INSTRUCTIONS TO FOLLOW
Below are the entries. Print only the lines starting at the one with "Table à manger" and ending at the one with "18K White Gold", exactly, with no pictures.

** Opening MATERIAL FOR THIS TASK block **

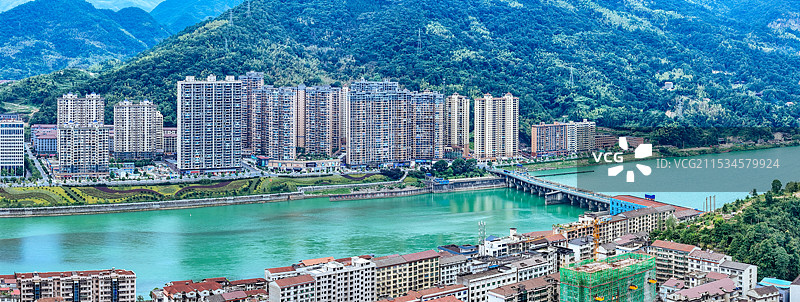 安化县 安化大桥 东坪镇 茶马广场 资水 萸江公园 航拍图片素材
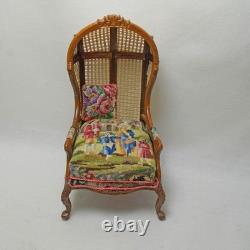 Dollhouse Miniature JBM Canvas Hooded Canopy Chair with Antique Petit point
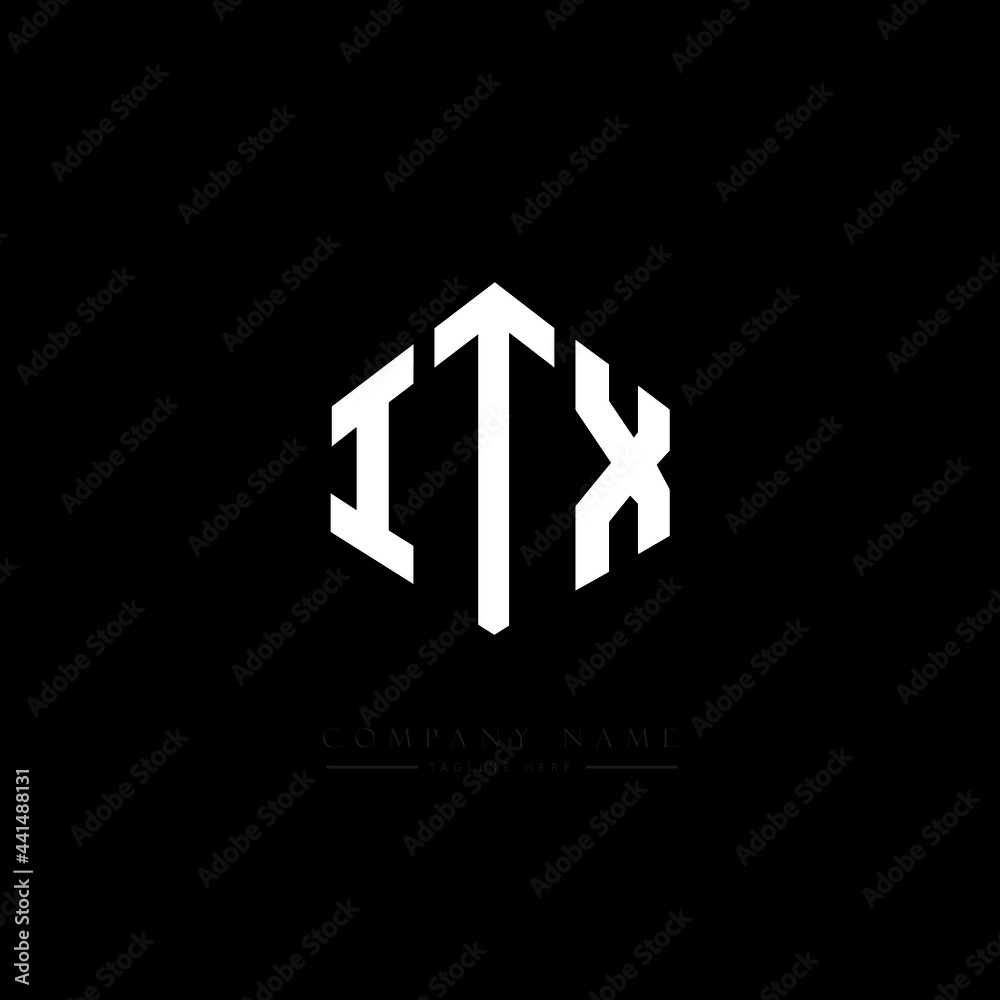 ITX letter logo design with polygon shape. ITX polygon logo monogram. ITX cube logo design. ITX hexagon vector logo template white and black colors. ITX monogram. ITX business and real estate logo. 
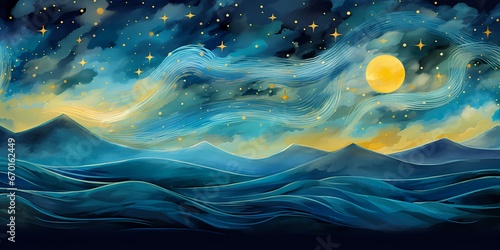 banner background, Fairytale magical sky with stars and moon. Gentle ocean waves on the bottom. Mystery scene for stargazers for mobile web, labels and adds. Vibrant teal, blue and yellow colors. chan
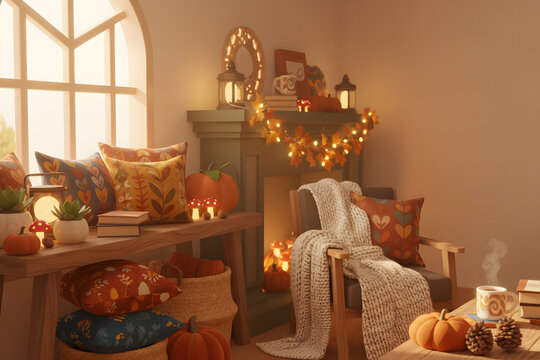 Cozy autumn home - energetic 3D render background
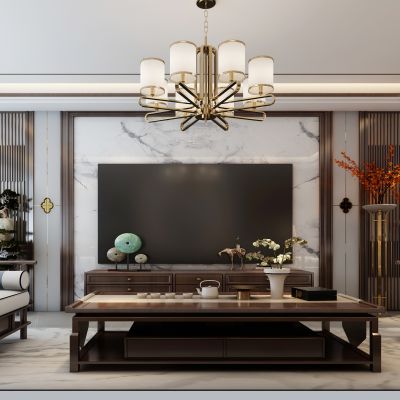 新中式客厅，沙发组合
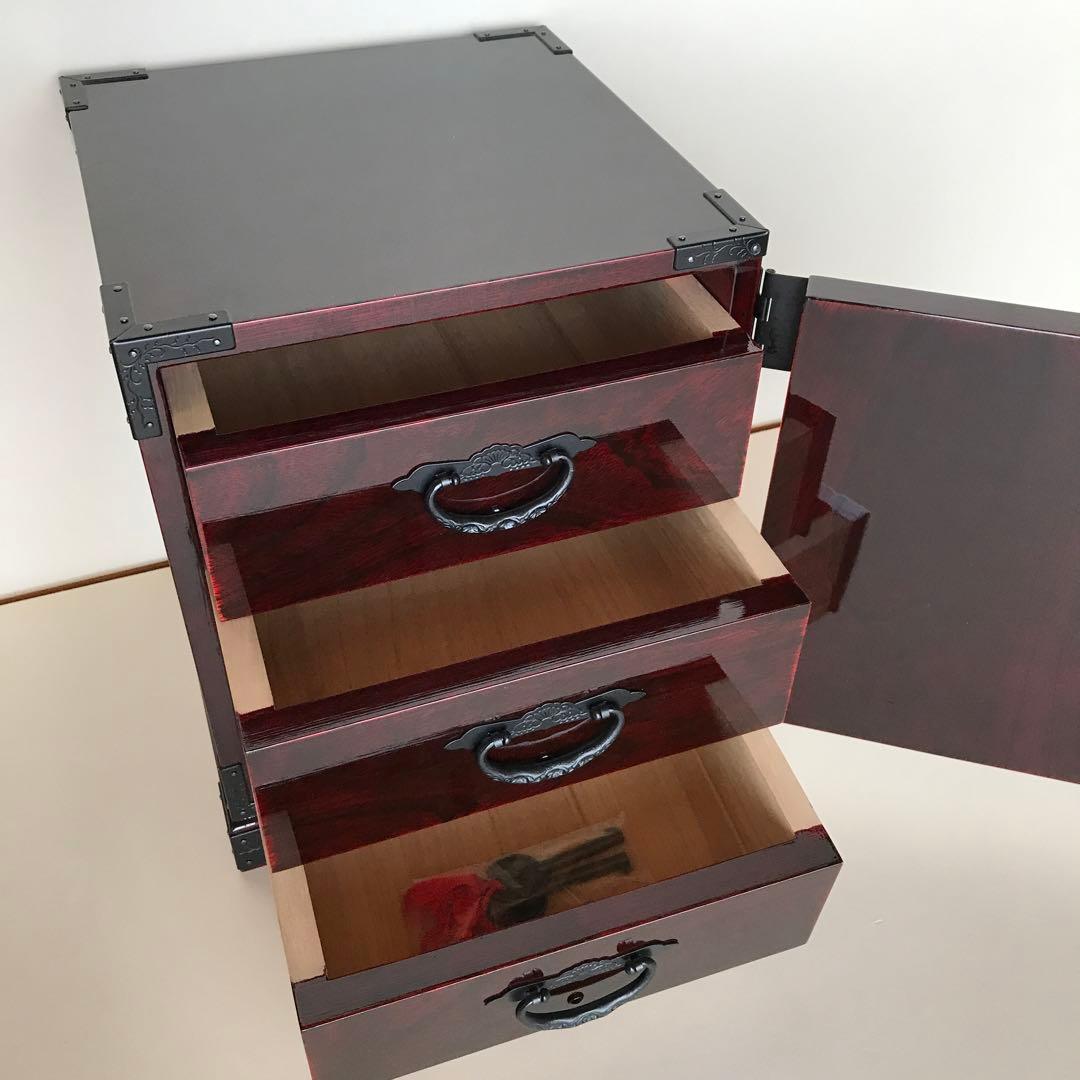 新品　仙台民芸　船箪笥　鍵付　牡丹の花彫刻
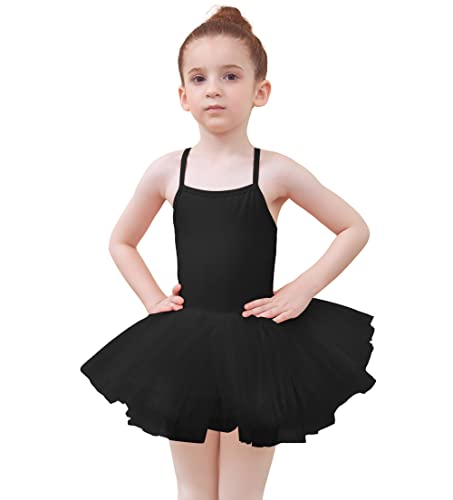Tancefair Kinder Ballettkleid Mädchen Ballettkleidung Baumwolle Ärmellos Balletttrikot Tanzkleider Ballettanzug Tanzkleid Tanzbody mit Rock Tütü von Tancefair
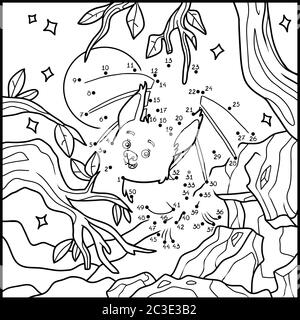 Zahlen Spiel für Kinder, Bildung Punkt zu Punkt Spiel, Vampir Fledermaus Stock Vektor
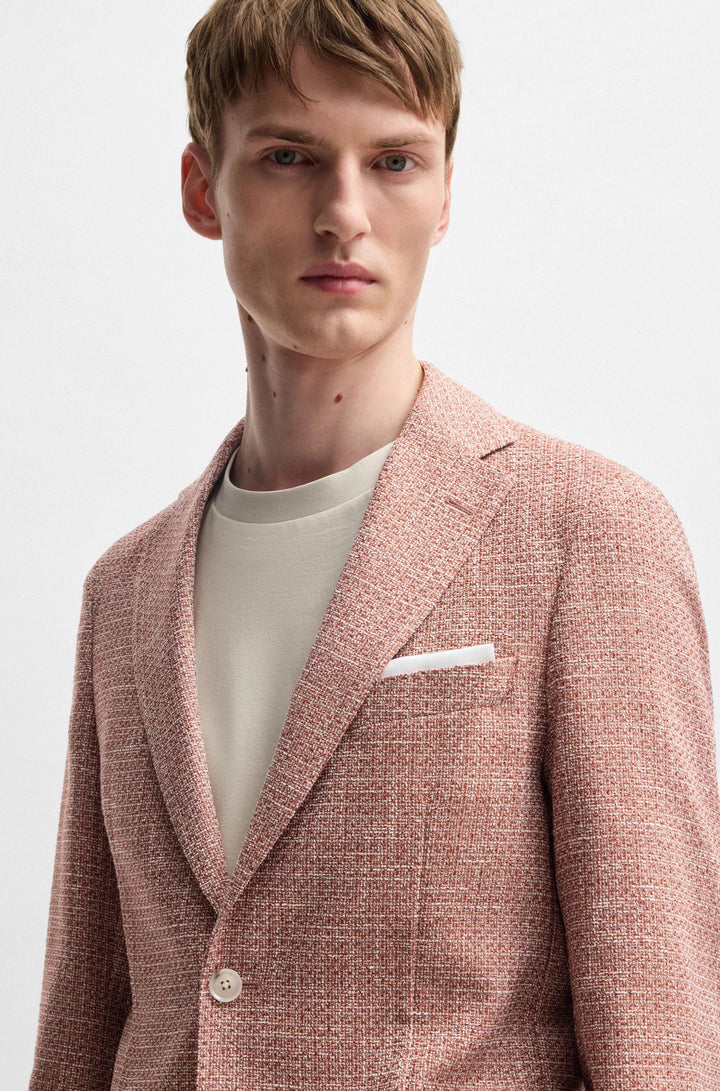 Boss Slim-fit blazer in micro-patterned stretch tweed
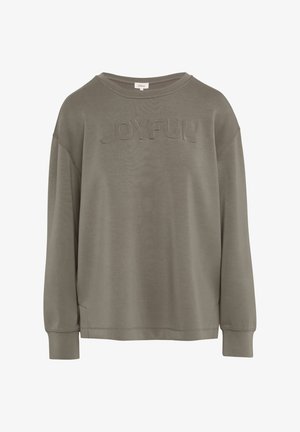 Olivgrüner Sweatshirt mit Rundhalsausschnitt, eingesetzten Schultern und texturiertem "JOYFUL"- Schriftzug auf der Vorderseite. Weicher Stoff und gerippte Bündchen.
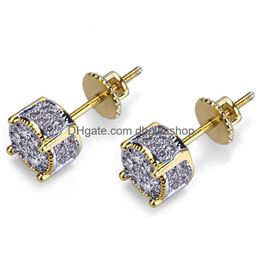 Stud Nieuwe 925 Sier Hip Hop Cz Zirkoon Ronde Oorbellen 0.7Cm Voor Mannen Vrouwen Meisjes Geschenken Diamond Studs Rock Rapper Sieraden Drop Levering Dhmzx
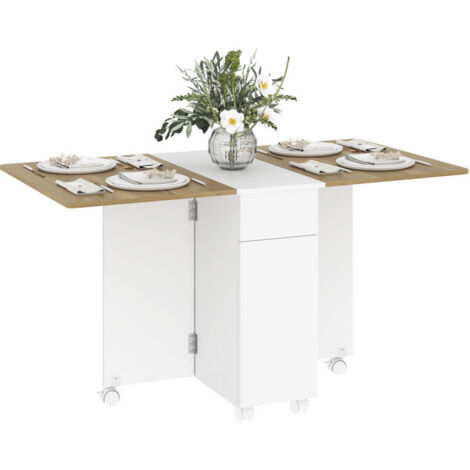 Table à manger pliable pour 6 personnes, table de cuisine sur roulettes avec 2 tiroirs 2 placards, 140x76x74cm, blanc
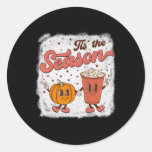 Tis The Season Pumpkin Spice Fall Autumn Halloween Classic Round Sticker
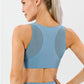 Round Neck Wide Strap Active Bra - Farnelli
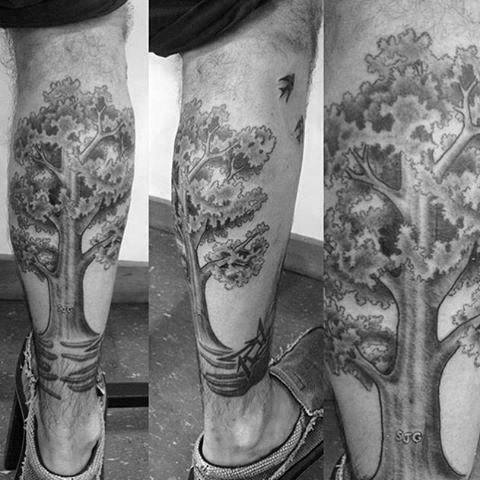Nice Leafy Oak Tree Tattoos On Calves For Guys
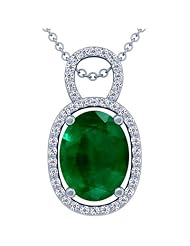 18K White Gold Oval Cut Emerald And Round Diamond Pendant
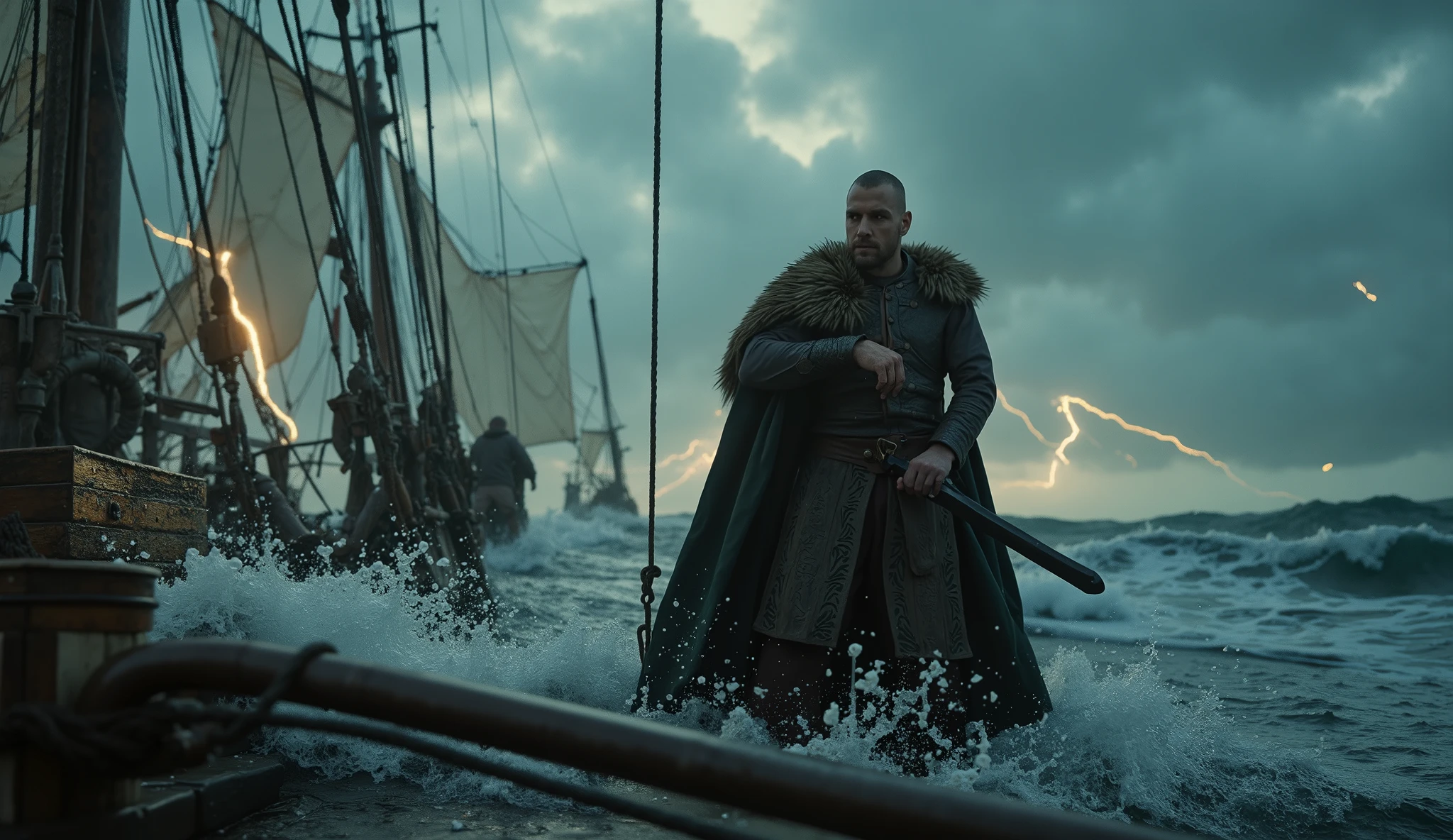 [Tracking shot] from a [low, dynamic angle], set on the [deck of a weathered ship under a stormy sky], captures [Vikings], a [mid-30s] man with a [lean build], [angular] facial structure, . In the background, [sailors struggle to control the sails as lightning illuminates the roiling sea], while the foreground includes [water splashing violently over the ship’s edge]. The environment is alive with [chaotic motion], such as [gusting winds and crashing waves]. The camera [follows Viking’s movement smoothly], panning and tilting with [fluid precision] at a [moderate] speed, offering a [dynamic perspective] with a [cinematic flow], emphasizing [his audacious persona amid the turmoil]. Lighting is [stark and intermittent], casting [flashes of harsh light and deep shadows] across the scene, creating a [tense and electrified] atmosphere. The composition follows [leading lines along the ship’s rigging], framing elements that highlight [Viking's commanding presence amidst chaos]. The color palette features an overall [stormy and muted] tone, with a detailed cinematic palette of [steely greys, deep ocean blues, and flickering yellow highlights]. The scene concludes with [Viking dramatically drawing his cutlass], as [a wave crashes against the ship, setting up the next moment of peril].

** Closing MATERIAL FOR THIS TASK block **

TASK ANSWER
 Table à manger pliable pour 6 personnes, table de cuisine sur roulettes avec 2 tiroirs 2 placards, 140x76x74cm, blanc
 Tis The Season Pumpkin Spice Fall Autumn Halloween Classic Round Sticker
 Round Neck Wide Strap Active Bra - Farnelli
Nice Leafy Oak Tree Tattoos On Calves For Guys
 18K White Gold Oval Cut Emerald And Round Diamond Pendant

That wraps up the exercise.